The other is the way the spokesman for the substance repeatedly orders Demi Moore's character to "respect the balance."  Some think this film is too mean-spirited toward its main character, and maybe it is.  But I sympathized with her when she talked to the spokesman, hoping for help with a problem that was spinning out of her control, and he offered no solution except to command her to control it. 

Otherwise, I reacted very poorly to this movie.  The movie is cut in an oddly repetitive way.  It insists on showing us the same elements of scenes over and over again in a way that just drags things out when I just wanted to get out of the theater. First, it made me embarrassed to like The ShiningI still think references to The Shining are cheap and annoying in any movie.  Then, it made me embarrassed to like horror movies.  Then, it made me embarrassed to like movies, period.  After thinking about it for a day, though, I concluded it was not that bad.


Vengeance is Mine (1984)

A screenshot from Vengeance is Mine.  The show shows two women standing outside, near the sea. The woman on the left has long hair and wears a blue sweater layered over a white top, while the woman on the right has short hair, is dressed in a brown coat and a pearl necklace. The background features a serene ocean and a clear sky.

One of the best movies I've seen this year, and one of the few truly unpredictable movies.  A woman named Jo returns to the Rhode Island suburb where she grew up in the hopes of reconnecting with her family.  For the first act of the film, she struggles, partly because she doesn't share her family's religious beliefs, and partly because of an old boyfriend who harasses and eventually assaults her.  After this, the focus of the film changes completely to Jo's developing relationship with her family's neighbors: Tom, Donna, and their daughter Jackie.  

The director, Michael Roemer, also directed the superb Nothing But a Man, a film about a struggling black family in the 1960s.  A major issue in that film is that the only work the main character can find is work that doesn't allow him to put down roots.  Vengeance is Mine also shows us an uprooted character, but focuses on why she pulled up her roots and what she brings to the suburban environment after her return.
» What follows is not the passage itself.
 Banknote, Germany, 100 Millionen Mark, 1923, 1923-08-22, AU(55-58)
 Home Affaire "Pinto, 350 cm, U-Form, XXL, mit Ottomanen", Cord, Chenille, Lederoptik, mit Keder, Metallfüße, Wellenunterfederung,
Because we see Jo subjected to violence early in the film, we are always expecting the other shoe to drop, even when there is no clear indication that the film is headed to a bad place.  As it turns out, Jo matches our anticipation: she is more capable than the people around her of recognizing abuse, and being adequately alarmed by it.  The film's climax is the culmination of the violence she experienced, the abusive tendencies she detected, and the many ways she connected with other characters throughout the film.  She gets by on informal relationships: she does not sleep in her own family's home and bonds with another family's daughter.  Through her, we see that formal notions of family and home only provide security for some people, masking how others are alienated.  In the end, it's a picture of human resilience, melodramatic but made convincing by the performances and the amount of specific, lifelike detail the film captures.